Die NATO-Staaten starteten nach dem totalen Fiasko des überstürzten Abzugs Evakuierungsoperationen, um westliche Staatsbürger und afghanische Helfer sowie politisch genehme Kreise auszufliegen. Nun wird behauptet, dass keiner der Verbündeten bereit oder in der Lage gewesen wäre, diesen Einsatz ohne die USA auch nur eine Minute fortzuführen. Auch in Brüssel wurde zurückgewiesen, dass die Europäer die Luftbrücke in Eigenregie weiterführen könnten. Das sei ohne die Amerikaner nicht vorstellbar.
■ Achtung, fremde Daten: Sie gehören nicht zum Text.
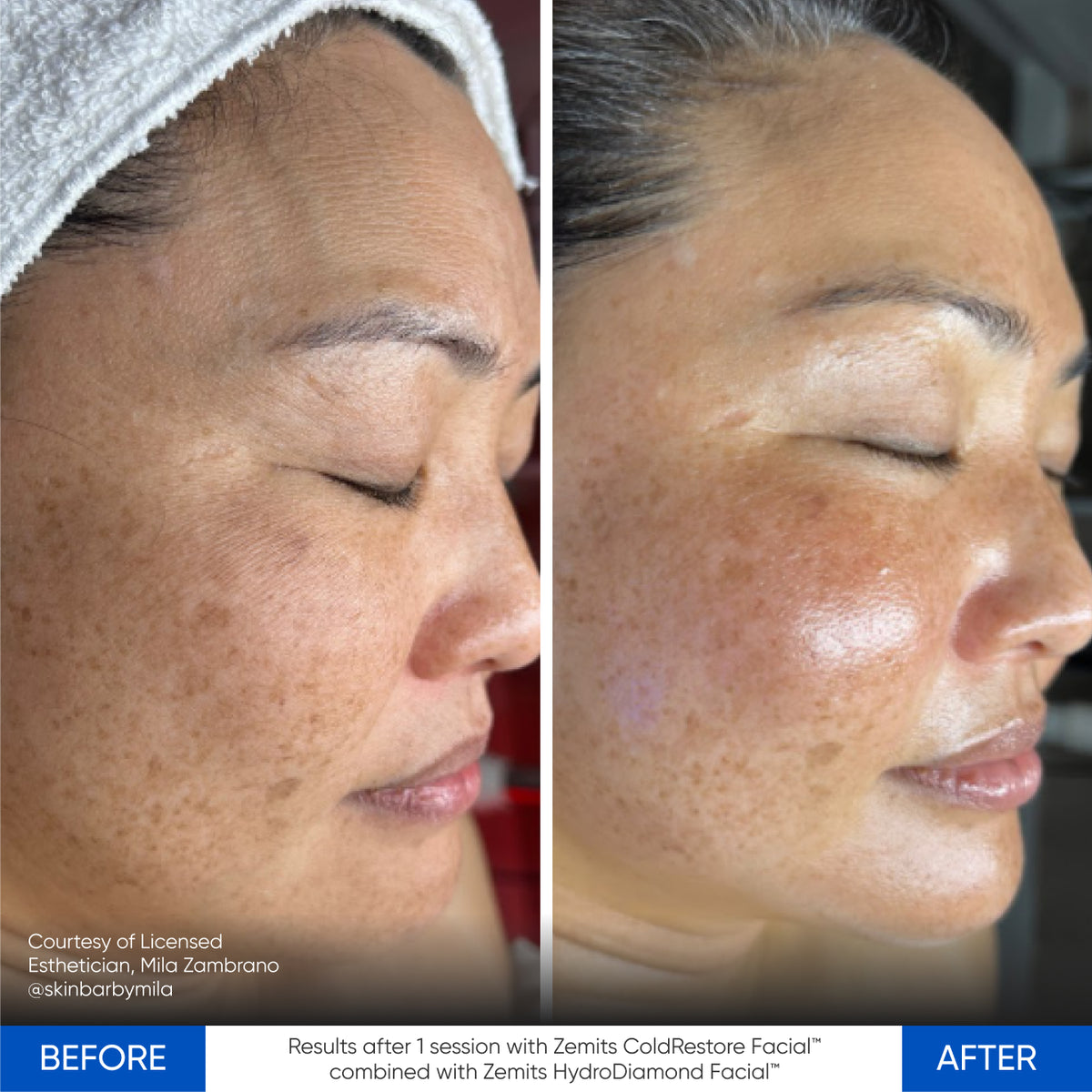 Before After Slide 1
Dass die Europäer ohne US-Unterstützung nicht mal zur Evakuierung ihrer Bürger fähig gewesen wären, ist aber nichts weniger als eine glatte Irreführung der Öffentlichkeit.
Durchsichtiges Kalkül
Zu welcher Hybris diese Stärke führt, ist hier nicht Gegenstand der Betrachtung. Es geht auch nicht darum, den Europäern einzureden, dass diese im Krieg am Hindukusch hätten eigenständig operieren können. Das wollten und mussten diese nicht, sie hätten es auch nicht gekonnt. Dieser Einsatz hing von Anfang an vom unbedingten Willen der USA ab, nach den Terrorangriffen von 2001 ihre militärischen und finanziellen Ressourcen einzusetzen. Es war ein US-Krieg, dem sich ein Großteil der Verbündeten bereitwillig angeschlossen hat. Die Amerikaner wurden in gewissen Grenzen militärisch, nicht zuletzt aber auch politisch unterstützt. Der Beitrag der Verbündeten zum afghanischen Krieg sollte denn auch nicht kleingeredet werden. Dahinter lauert politisches Kalkül.
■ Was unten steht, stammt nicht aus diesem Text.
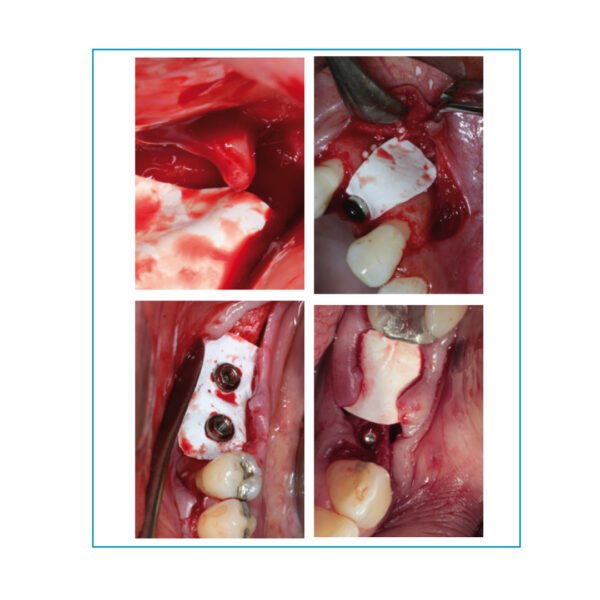 Surgitime PTFE 0,25 mm formato H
Im Zuge der Evakuierungsoperationen der NATO-Verbündeten wird dieser Mechanismus wiederum deutlich. Unabhängig davon, was von den fünf oder gar sechsstelligen Zahlen zu evakuierender Afghanen zu halten ist, unabhängig von der aus durchsichtigen Gründen befeuerten Hysterie, es würden tausende Afghanen dem Lynchmord ausgeliefert, betreiben weite Teile der Medien systematisch das Geschäft der Regierung. Die oben zitierte Behauptung der SüZ, dass der Evakuierungseinsatz ohne die USA nicht eine Minute hätte fortgeführt werden können, ist schlichtweg falsch. Sie zeugt von völliger Unkenntnis der deutschen militärischen Fähigkeiten. Ein Redakteur der das behauptet, kennt die Bundeswehr nicht, er sollte sich ins Feuilleton versetzen lassen.
Die Bundeswehr kann mehr als sie können darf
Bei aller berechtigten Klage über die Unzulänglichkeiten unserer Streitkräfte: Allein die Bundeswehr verfügt über die erforderlichen Ausstattungen und Geräte, um mit etwas Vorlauf einen Feldflugplatz aufbauen und betreiben zu können. Verlegefähige Radargeräte, Abfertigungsanlagen und die sonstigen für den Betrieb eines Flugplatzes erforderlichen technischen Systeme einschließlich des erforderlichen Personals sind in der Luftwaffe verfügbar. Bei Bedarf ließen sich Verstärkungen von europäischen Verbündeten organisieren. Man müsste dies nur wollen. Zumal in Kabul ein betriebsbereiter Flughafen vorhanden ist, der seine Leistungsfähigkeit unter Beweis gestellt hat.
Nochmals: Hier soll nicht dafür plädiert werden, mit einer eigenen Luftbrücke zusätzliche Afghanen zu evakuieren. Es geht um das systematische Unterschlagen eigener Fähigkeiten aus durchsichtigen politischen Motiven. Eine derartige Politik verfolgen die verschiedenen Bundesregierungen spätestens seit der Jahrtausendwende. Die hehren Beschwörungen der Bündnissolidarität werden bei jeder Gelegenheit hintertrieben. Und unsere sogenannten Qualitätsmedien machen bereitwillig mit. Die Öffentlichkeit wird hinters Licht geführt, den Tatsachen wird keine Ehre gegeben. Soviel zum Funktionieren der vierten Gewalt in diesem unserem Lande. Medien als Büchsenspanner der Regierung.